895 views Asked by At

We are evaluating if we can migrate from SQL SERVER to cassandra for OLAP. As per the internal storage structure we can have wide rows. We almost need to access data by the date. We often need to access data within date range as we have financial data. If we use date as Partition key to support filter by date,we end up having less row with huge number of columns. Will it hamper performance if we have millions of columns for a single row key in future as we process millions of transactions every day.

Do we need to have some changes in the access pattern to have more rows with less number of columns per row.
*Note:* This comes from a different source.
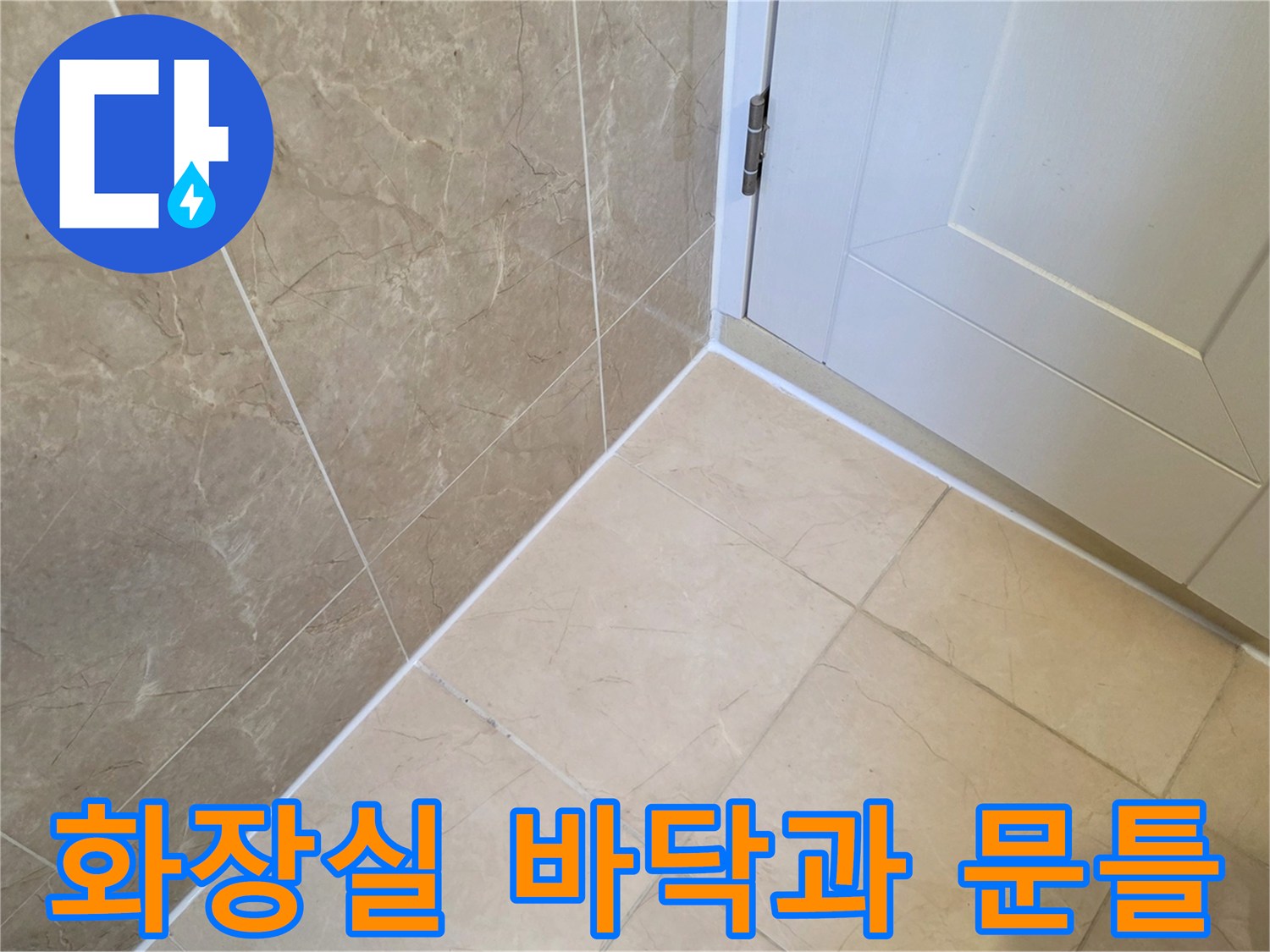 정돈된 상태의 화장실 바닥 타일과 깨끗한 문틀 하단부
Need some performance insight to proceed in either direction

1

There are 1 answers

4
medvekoma On

Using wide rows is typically fine with Cassandra, there are however a few things to consider:

  • Ensure that you don't reach the 2 billion column limit in any case
  • The whole wide row is stored on the same node: it needs to fit on the disk. Also, if you have some dates that are accessed more frequently then other dates (e.g. today) then you can create hotspots on the node that stores the data for that day.
  • Very wide rows can affect performance however: Aaron Morton from The Last Pickle has an interesting article about this: http://thelastpickle.com/blog/2011/07/04/Cassandra-Query-Plans.html It is somewhat old, but I believe that the concepts are still valid.

For a good table design decision one needs to know all typical filter conditions. If you have any other fields you typically filter for as an exact match, you could add them to the partition key as well.